I found a few that have no leverage, relatively low expenses, and a pretty good discount. All from Nuveen, and they should be pretty good at the muni thing.

Anybody have an opinion on NXP, NXQ, NXR or other muni CEFs? I don't see a lot of downside. Historically, the discount has gotten a bit larger, but not much. Most of the time, it's been pretty small.

Of those 3, I'm leaning towards NXQ for AAA quality and low AMT exposure.
 
Look very, very carefully at who the guarantors of the underlying bonds are. The smaller guarantors may well be in trouble and if their ratings get cut the value of the bonds will almost certainly be hurt.
 
That's why I'm not going with individual munis. NXQ doesn't have more than 4% exposure to any single issue, and they have good diversity.
 
Great, but if the are all guaranteed by two little guys who get downgraded, it won't make much difference.
 
So for the 23% of the fund that is comprised of insured bonds, I should dig into the health of the insurers? I guess that should only be 6 or so bonds. OK, I'll try that for homework. :)
 
Nuveen gives me all of the bonds in an Excel format. 135 bonds for NXQ. What's a "JJ Kenny flag?"
 
Anybody have an opinion on NXP, NXQ, NXR or other muni CEFs? I don't see a lot of downside. Historically, the discount has gotten a bit larger, but not much. Most of the time, it's been pretty small.

Of those 3, I'm leaning towards NXQ for AAA quality and low AMT exposure.

I would agree with you on NXQ of those three. And for the reasons you give.

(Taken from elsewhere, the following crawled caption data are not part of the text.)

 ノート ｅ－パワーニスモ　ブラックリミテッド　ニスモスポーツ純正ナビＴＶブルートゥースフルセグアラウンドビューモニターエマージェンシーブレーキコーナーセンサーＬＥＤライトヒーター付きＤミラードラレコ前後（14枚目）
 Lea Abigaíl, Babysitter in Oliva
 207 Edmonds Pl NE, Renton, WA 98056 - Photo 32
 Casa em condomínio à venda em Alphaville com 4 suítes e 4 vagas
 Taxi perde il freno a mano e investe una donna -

I found Nuveen over the years head and shoulders above Van Kampen in the muni arena.

I have also been thinking now may be an opportune time to add a bit to my muni pot as discounts to NAV are historically fairly generous currently.

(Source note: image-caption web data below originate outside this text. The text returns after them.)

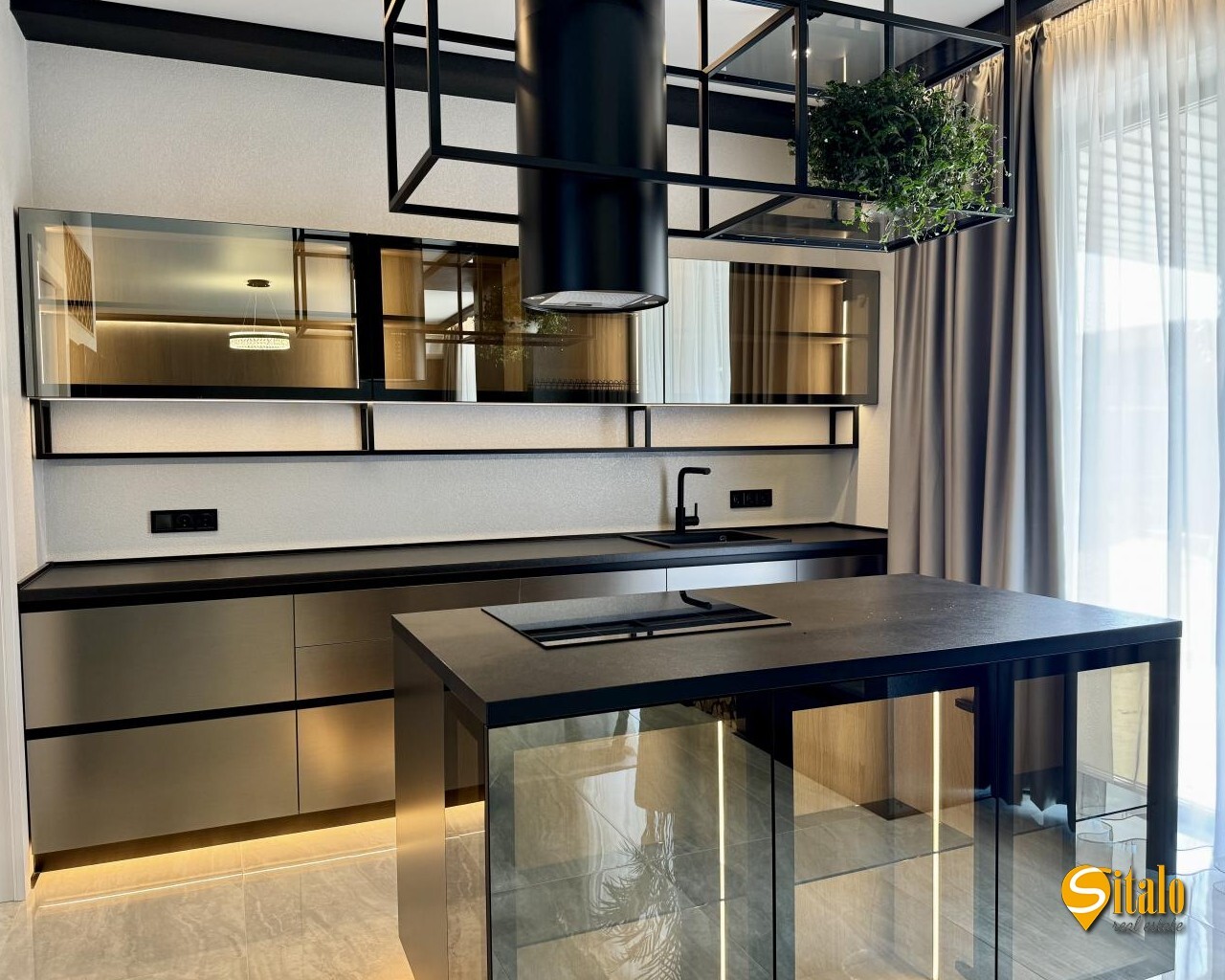 Продажа дома 180 м², 1-я Озерная ул.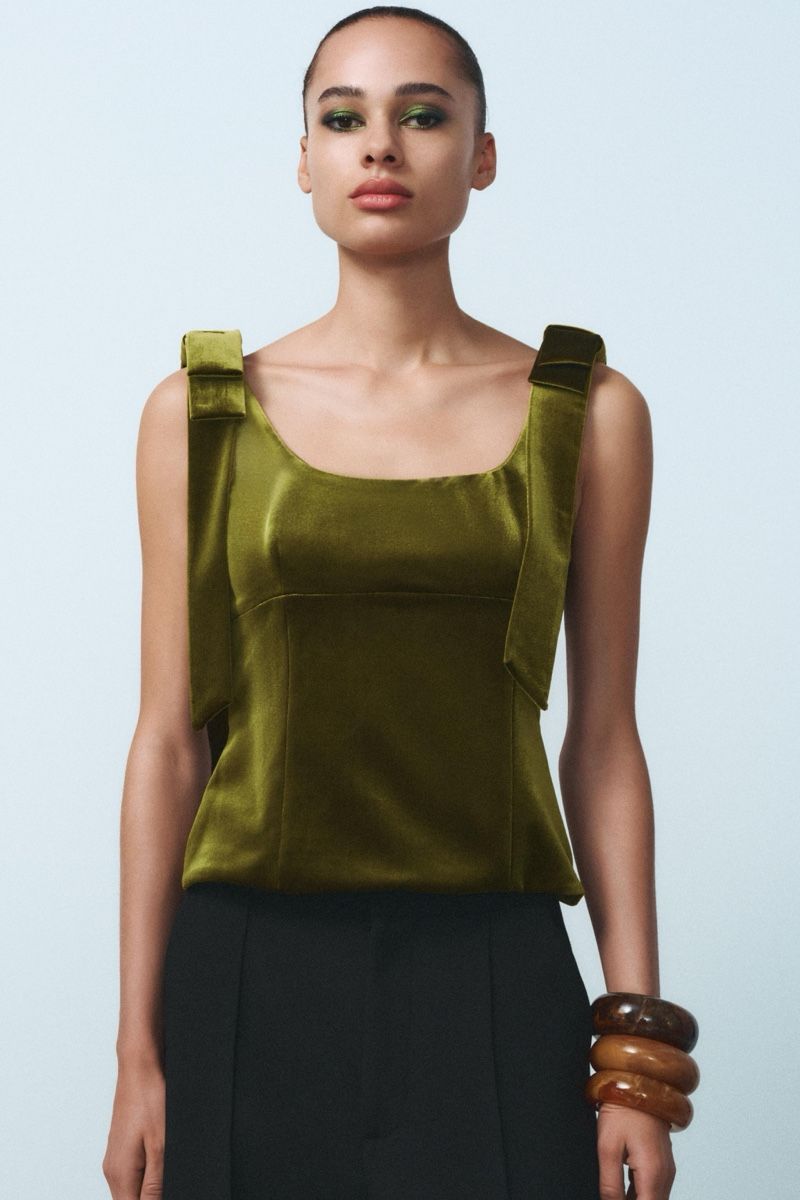 Zara Top: Samttop Zara Grösse S mit Etikett – Nuovo e nell'imballaggio originale da Menzingen venduto da nas_6ncr 3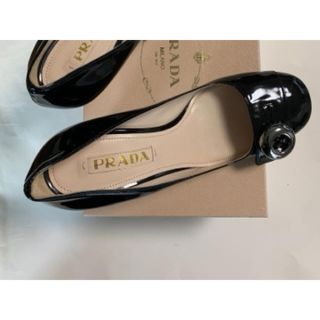 プラダ(PRADA)のPRADAプラダ　パンプス黒エナメル中古サイズ36ハーフ約23.5cm(ハイヒール/パンプス)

Just shy of 5% tax free is not bad, if one's tax bracket makes taxes a concern/and the AMT. Gives close to 7% tax equivalent yield depending on tax bracket. Not bad.
 
So for the 23% of the fund that is comprised of insured bonds, I should dig into the health of the insurers? I guess that should only be 6 or so bonds. OK, I'll try that for homework. :)

Twaddle, please keep us posted on this.

ha
 
Of the 135 bonds, 59 are insured:

FSA: 7
FGIC: 12
AMBAC: 10
MBIA: 22
XLCA: 3
RAAI: 4
FHA (UB): 1

Most of these are brand-name insurers, but I have no way to evaluate them. Brew?
 
Of the 135 bonds, 59 are insured:

FSA: 7
FGIC: 12
AMBAC: 10
MBIA: 22
XLCA: 3
RAAI: 4
FHA (UB): 1

Most of these are brand-name insurers, but I have no way to evaluate them. Brew?

I think you're going to extremes trying to evaluate insurers of part of the portfolio. The first insurance is good bond issuer picking by Nuveen, and their credit analysis of the issuer before even adding bond issues to the portfolio. Nuveen has been in this muni business a long-long time.

To have additional third-party insurer guaranteeing payment of principal and interest is just gravy. The fact this third party insurance is spread among 7 insurers is added protection. The fact the portfolio is diversified among issuers is quadruple protection.

Don't think you need overkill here, in my opinion.
 
It's mostly an interesting exercise. A few years ago, I would have bought a single-issue insured muni without a second thought.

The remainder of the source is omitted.